The other day during ministry, my Squad Leader, Mark, gave part of his testimony and talked about how God viewed him. 
I’ve never thought about that…how does God view me?  I decided to pray about it and He kept giving me the word “peaceful” so I looked it up in the dictionary and the definition said “calm, quiet, freedom from war, harmony between people,  absence of anxiety”. It blew my mind.
I have never viewed myself as these things, I don’t think anyone as ever viewed me in that way… Quite the opposite actually.
I wanted to know more about each word, I wanted to know why God called me into these titles.

Freedom from war was a big one for me, I’ve recently made the decision to stop fearing my depression and to quit labeling myself as “depressed”. That was my freedom from war.  The war of sadness no longer lives inside me, I’m giving that battle to Jesus, because he carries the weight he knows I can’t. I have been set free.

Absence of anxiety goes back to the lesson God has been trying to teach me: that’s it’s okay to trust Him. To be anxious is to intensely desire something. I realized that when I desire anything that isn’t coming from God, that’s when anxiety bites me.  When we trust the Lords plans, he gifts us with a spirit of calmness.  But the second we start to doubt those plans or lost trust in God, we become anxious. 

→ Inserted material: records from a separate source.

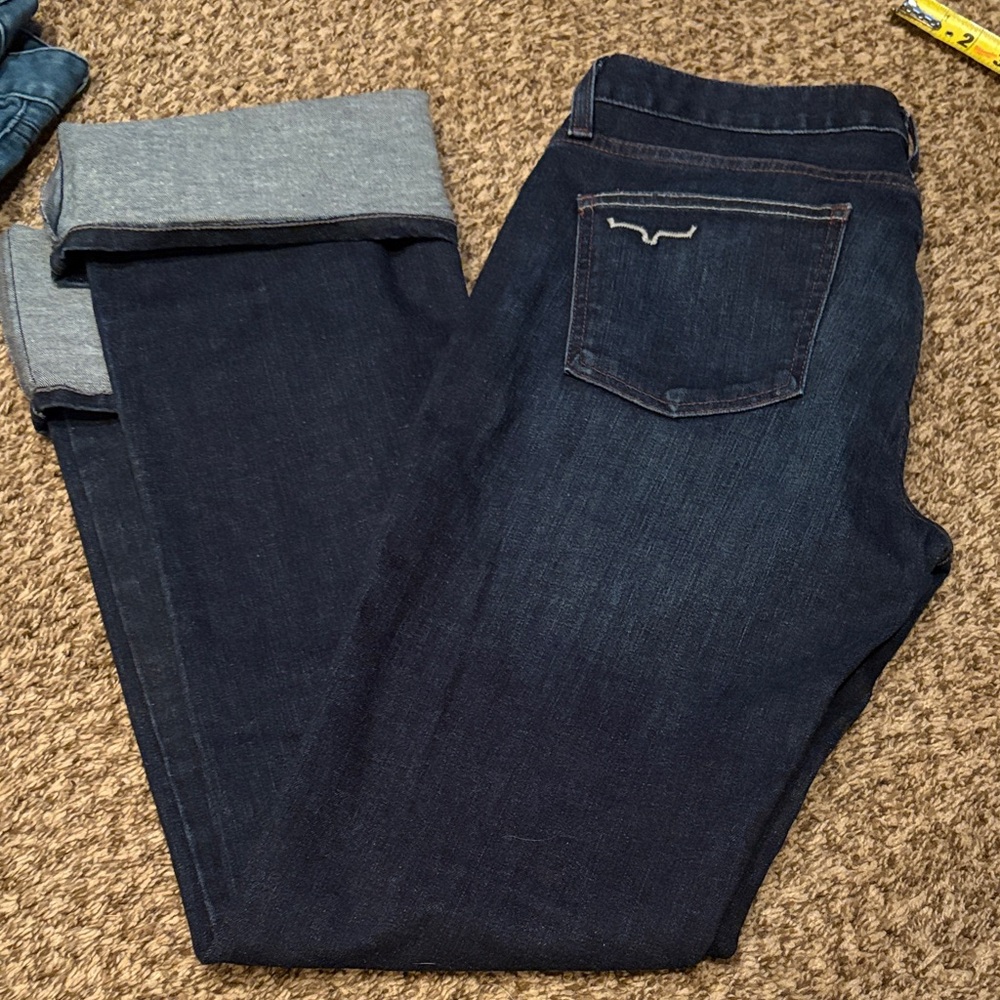 Audrey Women's Dark Blue Straight Leg Jeans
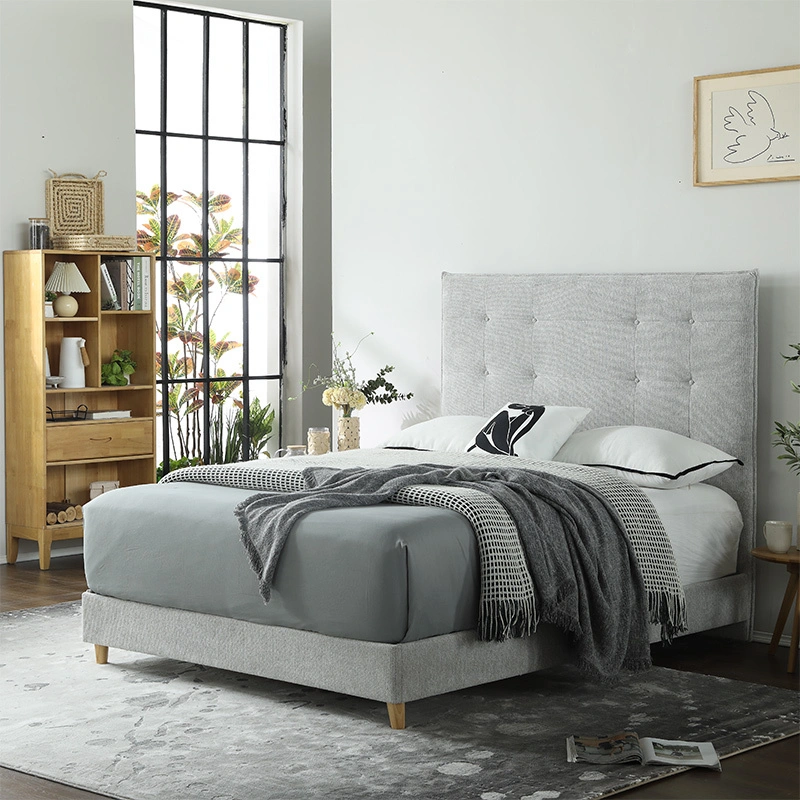 Best MB3663ZT Easy clean Fabric Tufted Bed, Assorted Sizes &amp; Colors Factory Price - JLH Furniture 1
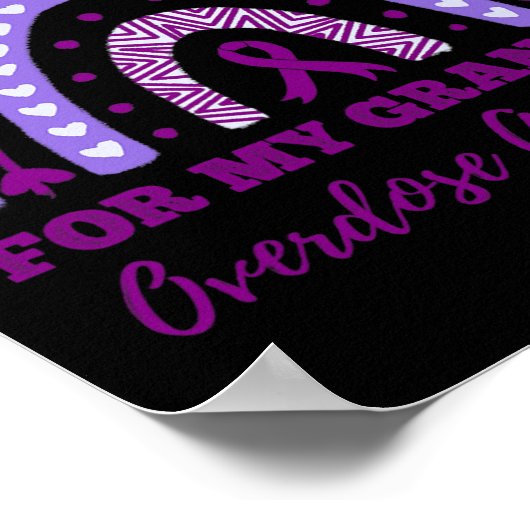 私の衣服パープル私のおばあちゃんの過剰摂取認識度Ra ポスター (角)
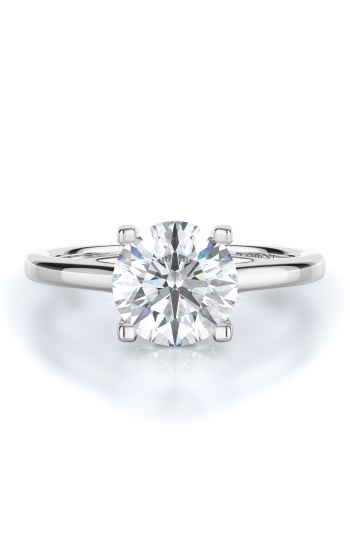 Solitaire Style Diamond Engagement ring 
(Center Diamond Not Included)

By calling me peaceful, he revealed more to me than I’ve ever known. God sees us as we are, not as the world sculpted us to be. The world may call me loud, anxious, overbearing, or depressed, but with one word, God crushed all of those labels. Take the time and talk to God and ask him how he sees you, he may change your whole perspective with one word.
A word you would have never used to describe yourself.